■ To do
Leave out the pictures and repeat the data exactly.

■ Collected data

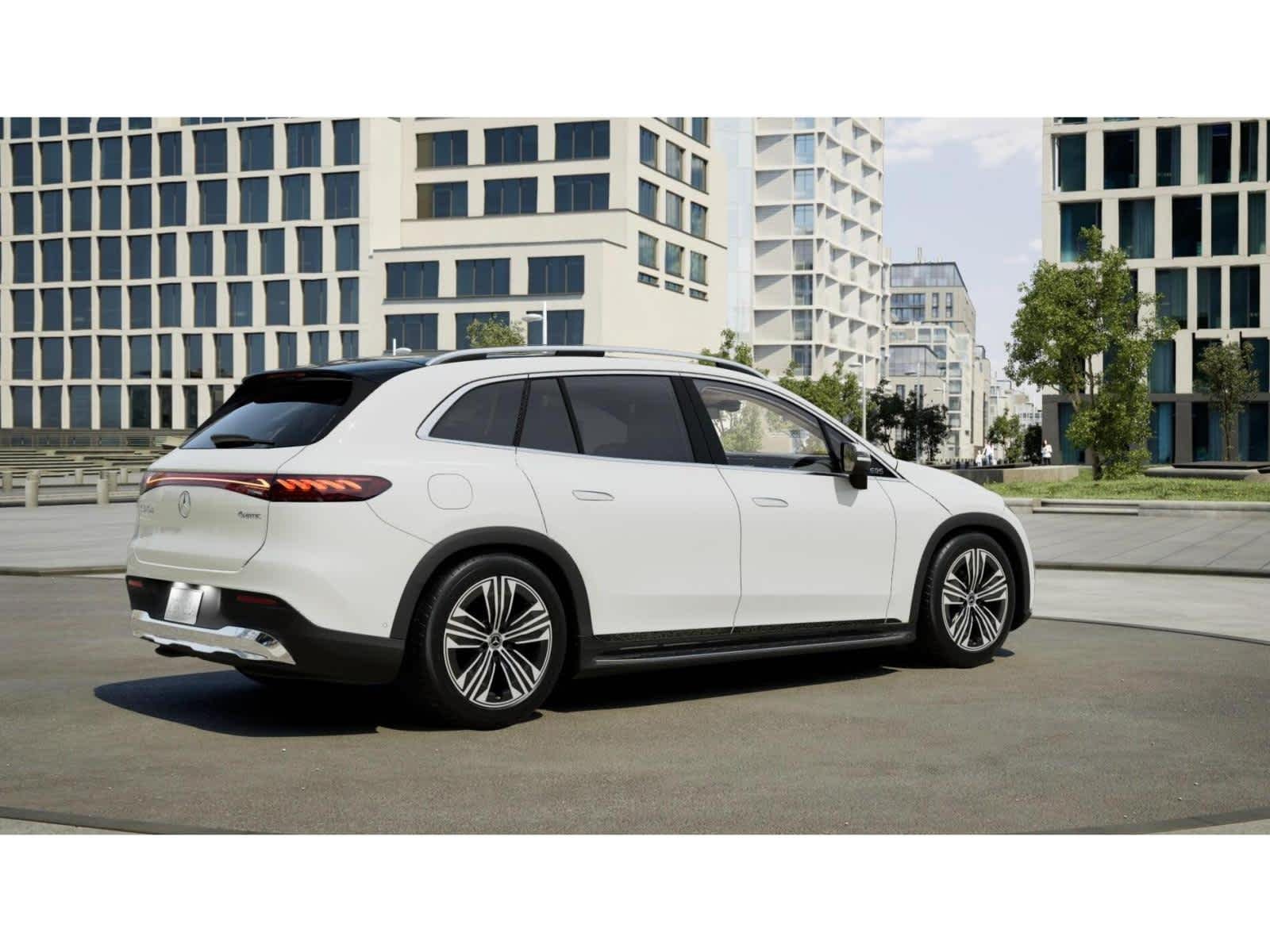 New 2027 Polar White Mercedes-Benz EQS 400 image 19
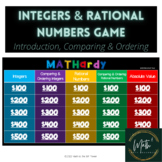Integers & Rational Numbers Game | Introduction | Ordering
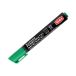 Marker permanentny 1.5mm zielony okrągły Toma TO222 [2]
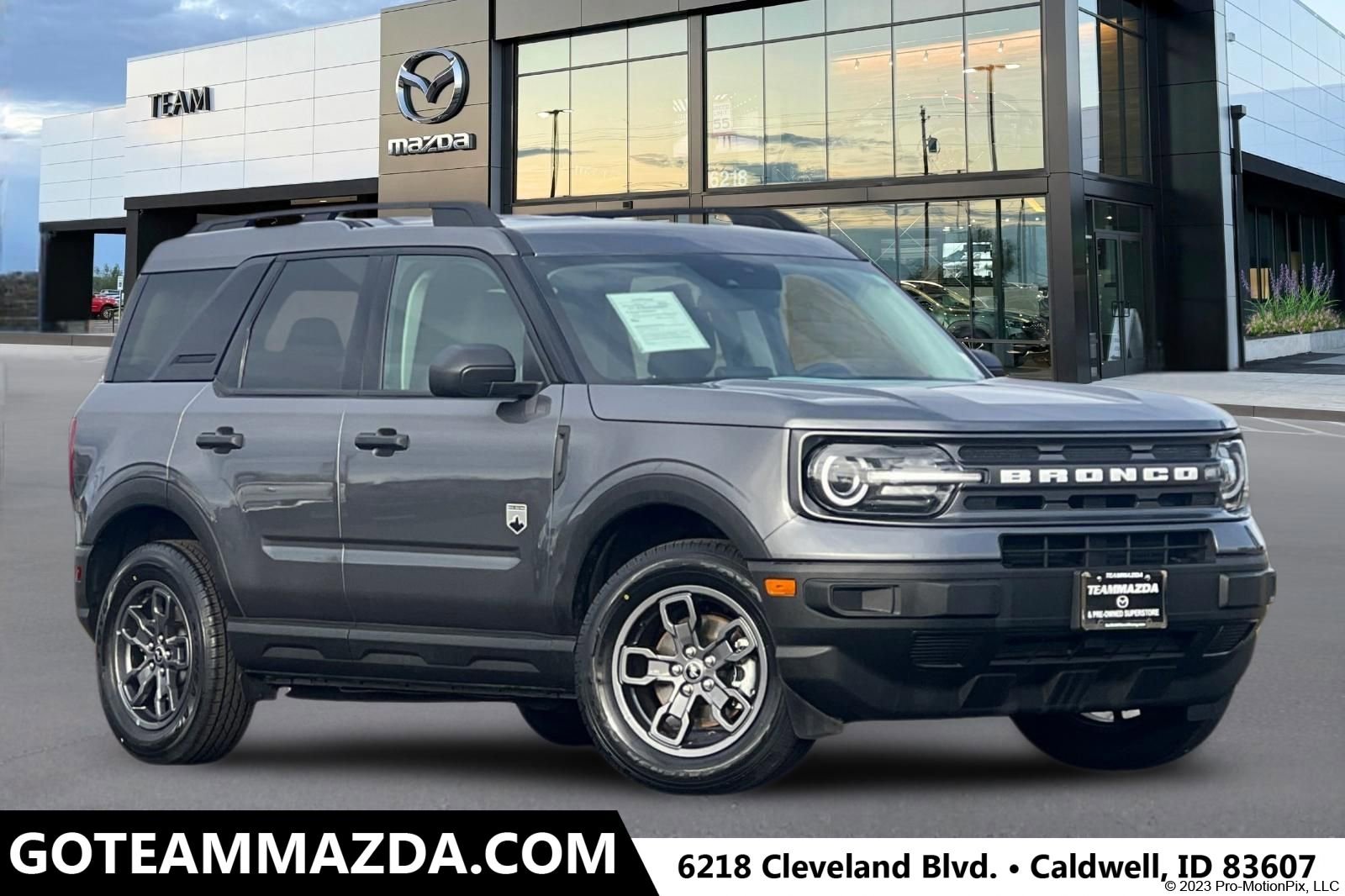 Used 2024 Ford Bronco Sport Big Bend image 1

■ Answer section
 New 2027 Polar White Mercedes-Benz EQS 400 image 19
Integers & Rational Numbers Game | Introduction | Ordering
 Marker permanentny 1.5mm zielony okrągły Toma TO222 [2]
 Used 2024 Ford Bronco Sport Big Bend image 1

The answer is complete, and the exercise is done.